Thompson Sampling in Production - Building Adaptive Recommendation Systems with Multi-Armed Bandits

 

Running A/B tests on our recommendation system was painful. 6-8 weeks per test, half our users stuck with potentially terrible recommendations, and by the time we got results, user behavior had alr...

Running A/B tests on our recommendation system was painful. 6-8 weeks per test, half our users stuck with potentially terrible recommendations, and by the time we got results, user behavior had already changed.

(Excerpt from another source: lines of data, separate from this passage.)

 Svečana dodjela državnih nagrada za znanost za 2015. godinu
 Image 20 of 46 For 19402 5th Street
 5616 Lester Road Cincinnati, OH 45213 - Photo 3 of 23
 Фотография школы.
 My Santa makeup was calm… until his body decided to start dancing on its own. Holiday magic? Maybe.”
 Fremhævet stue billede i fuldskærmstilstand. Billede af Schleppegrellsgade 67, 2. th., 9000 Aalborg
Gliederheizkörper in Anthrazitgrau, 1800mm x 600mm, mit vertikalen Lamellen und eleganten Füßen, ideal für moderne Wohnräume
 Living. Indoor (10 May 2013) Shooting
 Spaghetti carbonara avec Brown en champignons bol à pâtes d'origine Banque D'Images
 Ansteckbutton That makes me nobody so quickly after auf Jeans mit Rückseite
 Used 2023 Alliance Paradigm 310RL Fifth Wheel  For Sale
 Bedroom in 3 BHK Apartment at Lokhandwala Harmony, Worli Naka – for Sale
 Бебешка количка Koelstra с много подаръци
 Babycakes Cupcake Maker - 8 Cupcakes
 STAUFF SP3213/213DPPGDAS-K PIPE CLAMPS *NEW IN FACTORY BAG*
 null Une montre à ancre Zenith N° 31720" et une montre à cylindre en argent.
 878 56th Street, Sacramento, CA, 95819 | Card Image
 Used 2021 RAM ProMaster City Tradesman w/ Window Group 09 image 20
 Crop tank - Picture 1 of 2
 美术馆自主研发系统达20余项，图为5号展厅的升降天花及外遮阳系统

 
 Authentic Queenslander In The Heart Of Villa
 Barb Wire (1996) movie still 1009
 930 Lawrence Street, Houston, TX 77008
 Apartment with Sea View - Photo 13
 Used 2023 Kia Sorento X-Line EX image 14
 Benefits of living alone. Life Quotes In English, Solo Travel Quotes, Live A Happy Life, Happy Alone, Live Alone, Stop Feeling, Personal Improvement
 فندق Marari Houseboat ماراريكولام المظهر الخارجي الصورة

I needed something smarter that could adapt in real-time.

Why A/B Testing Was Failing Us

We had three recommendation algorithms to test:

  • Collaborative filtering (users who bought X also bought Y)
  • Content-based (recommend similar items)
  • Hybrid approach (combination of both)

The old process was brutal:

  • Wait 6-8 weeks for statistical significance
  • Keep 50% of users on potentially bad recommendations the whole time
  • By the time results came in, seasonal trends had shifted
  • Start the whole process over with new variants

Meanwhile, our conversion rates were suffering because we couldn’t adapt quickly enough.

Multi-Armed Bandits: Adaptive Experimentation

Multi-armed bandits (MAB) solve this problem by treating each recommendation algorithm as an “arm” of a slot machine. Instead of fixed traffic allocation, the system learns which arms perform better and gradually shifts more traffic to them while still exploring alternatives.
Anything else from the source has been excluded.